There are many reasons for choosing private schools in Australia: these include social prestige and status; quality facilities, such as well-stocked libraries, playing fields and infrastructure that may include a swimming pool, as well as extra-curricular cultural activities (eg, music lessons, chess, and debating).
As well, private schools are often perceived as having fewer disciplinary problems with stricter control over the behaviour of the students. This control also extends to an enforced dress code as most private schools have formal requirements, such as a uniform, and this may include a blazer.
Another perception of education in private schools is that their teachers are better paid and that they offer education which is of higher quality. Many of these schools also offer facilities to reduce the possibility of distraction, such as single-sex schools and boarding facilities.
Although the private schools in Australia charge fees for the enrolled pupils, they also receive some government funding. Nonetheless they are still more expensive than the state-run schools.
For many of the private schools, sport is considered an integral part of the education they provide, believing that it encourages the development of personal qualities such as leadership, teamwork, social skills and motivation. The GPS schools (for boys) in New South Wales and Queensland also encourage sports not widely available in other schools and considered to be of traditional value, such as Rugby and Rowing.
The private schools in Australia fall into two main catgories: the Independent Schools and the Catholic school system.

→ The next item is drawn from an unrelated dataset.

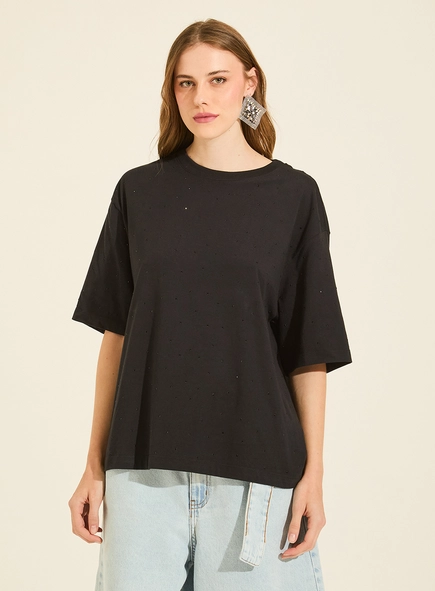 Camiseta Feminina Boy Over Com Aplicações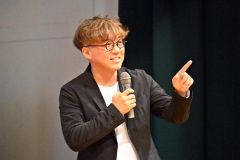 講演する長岡氏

Like the Catholic Schools, these are independent of most government control, although with some government funding they cannot claim to be totally independent. The independent schools also offer the most popular facilities for boarding pupils.
A number of the independent schools - especially the larger, better known ones - are part of established religious bodies - Angican, Presbyterian, Uniting Church or Jewish. However, there are many smaller schools which are either not affiliated with a religious group or with one that has a smaller base in Australia, such as Islam. Importantly, in most cases, these schools do not insist on religios allegiance and the bigger schools, especially, educate students of many faiths.
The larger schools in this category, for instance, Kings, Trinity, Sydney Grammar (for boys) and PLC, Abbotsleigh and Ascham (for girls) are considered to be 'elite' schools and are usually expensive and emphasise traditional values.
The smaller independent schools are often new and many are not at all traditional in their approach to education.
After the government-run schools, these are the second largest sector of schools in Australia. They have around 21% of enrolments in secondary (high) schools.
Most of the Catholic schools form part of a system of schooling which has low fees, receives substantial government (State and Federal) funding and is usually co-educational. The systemic Catholic schools offer religious-based educational values but do not exclude pupils of other faiths. Nonetheless, most staff and pupils will be Catholics.
There are also independent Catholic schools which are outside the Catholic school system. These are usually single-sex schools that were set up by Catholic religious orders, such as Christian Brothers, Marist Brothers, Patrician Brothers, and the Sisters of Mercy. Their fees will vary - for instance, Pius X has a lower fee structure than St Ignatius College, Riverview and St Josephs College (Hunters Hill).
There is a similar range for girls' schools: fees at Roseville College tend to be structured at a lower level than those charged by Loreto and Kincoppal. However, there are often concessions and scholarships available to Catholic families with lower incomes.